In Madrid he participated in political and literary gatherings at well known cafés. He also began writing about music in various magazine and contributed political essays in others. This interest in politics led to his joining the Left Opposition Party and, in 1935, the P.O.U.M. (Worker’s Party of Marxist Unification) party. (George Orwell fought in the Spanish Civil war with the members of this political group). He also met Pierre Naville, his first contact with surrealism, at a P.O.U.M. political meeting. At this time he became familiar with Minotauro, the well-known surrealist magazine. In Madrid he got to know Wifredo Lam who was studying art and Benjamín Péret who joined Granell’s party in the civil war.
With the outbreak of the civil war, Granell joined the Republican militias and edited the newspaper El Combatiente Rojo. During the three years of the war he contributed significant articles in the P.O.U.M.’s newspaper La Batalla.
Being on the losing side of the war, he was forced to go into exile in 1939. In 1940 he set sail for Chile from Bordeaux. In mid trip they learned that Chile was no longer accepting Spanish refugees, so Granell and his future wife, Amparo, went to the Dominican Republic with thousands of other Spanish and Jewish refugees.
Granell, along with many other of the refugees, became an important part of the cultural scene in this new country. He played first violin at the Symphonic created by another refugee, composer Casal Chapí, and began working for La Nación, a newspaper where he wrote about cultural events, art shows and commented on recently published books. With Dominican poets and intellectuals he created the well known La Poesía Sorprendida, one of the foremost literary magazines of the time.

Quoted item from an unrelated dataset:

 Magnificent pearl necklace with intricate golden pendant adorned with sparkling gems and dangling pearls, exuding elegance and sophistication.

He began painting in this tropical island. In 1941 a decisive event led to his absolute committment to surrealism. André Breton arrived at the island, also as an exile from the European war. Granell interviewed Breton for the newspaper and showed him his paintings. Breton encouraged and included him among those painters who were reinventing surrealism in the tropics. Granell held his first individual show in 1945 at the National Gallery of Fine Arts in Sant Domingo.
In 1947 Granell and his family moved to Guatemala where he began teaching at the School of Plastic Arts while at the same time being involved in many aristic activities. He spoke about art in the National Radio and collaborated in several magazines with articles and drawings. In 1947 André Breton and Marcel Duchamp invited him to participate in a collective exhibit at the Maeght Gallery in Paris, thus becoming an active participant in Paris’ surrealist movement.

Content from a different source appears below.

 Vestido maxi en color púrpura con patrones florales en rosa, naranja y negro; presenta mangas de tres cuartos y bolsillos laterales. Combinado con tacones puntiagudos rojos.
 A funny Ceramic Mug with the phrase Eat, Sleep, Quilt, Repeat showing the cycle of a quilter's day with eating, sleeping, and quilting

After the outbreak of the Guatemalan revolution in 1949, and escaping once again from Stalinist persecution (which he had suffered in Spain during the war), Granell and his family moved to Puerto Rico in 1950 where he taught art at the University. Granell published his firt book, Isla cofre mítico, a poetical essay with his own illustrations. He participated in several shows, and, along with his students, organizad El Mirador Azul, a Studio where the group painted together and organized gatherings to talk and discuss art.
At this time he traveled to New York where he became friends with Marcel Duchamp. A friendship that like Breton’s and Péret’s was to last a lifetime. In 1954 Granell had a solo exhibit at the L’Etoile Scellée Gallery in Paris. Benjamín Péret wrote the text for the catalogue.

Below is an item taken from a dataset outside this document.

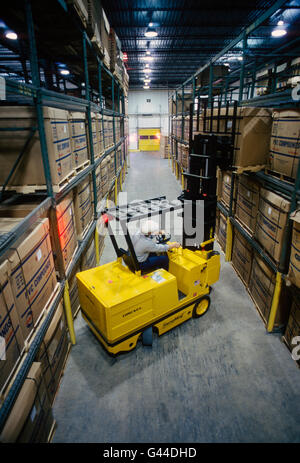 Forklift working in a large distribution warehouse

Granell and his family moved once again in 1965. This time to New York City where eventually they were to become American citizens. This way acquiring the first legal documents since going on exile in 1939. In 1957, New York’s William and Norma Copley Foundation awarded him a painting prize. Some of the members of the Foundation, besides Marcel Duchamp, were Jean Arp, Alfred Barr, Max Ernst, Julián Levy and Roberto Matta. Besides painting and teaching Spanish Literature at Brooklyn College, he continued writing and published La novela del Indio Tupinamba, a surrealist interpretation of the Spanish Civil war. In 1967 his doctoral thesis, Picasso’s Guernica. The End of a Spanish Era, was published by UMI Press. He continued to publish other books and was also busy with shows at the Bodley Gallery in New York City. In 1962 he joined Paris’ Phases surrealist group, led by Édouard Jaguer, who had inherited this post as organizer of surrealist events after Breton’s death.
When Granell retired in 1985, he and his wife returned to Spain. They settled in Madrid and, very quickly, he was recognized and received various prizes. Several major exhibits of his works were organized and eventually, in 1995, the Eugenio Granell Foundation was created in Santiago de Compostela, the city where he had spent his childhood and part of his youth. The Foundation, housed in a historic building in the historical part of the city, is dedicated to surrealism and contains Granell’s own paintings as well as his collection of surrealist art and a collection of ethnic works where the predominant objects are masks from different parts of the World and an interesting group of kachina dolls from the Hopi Indians. The museum now also holds Granell’s important library, archives, correspondence and photographs.
It is the only museum solely dedicated to surrealism.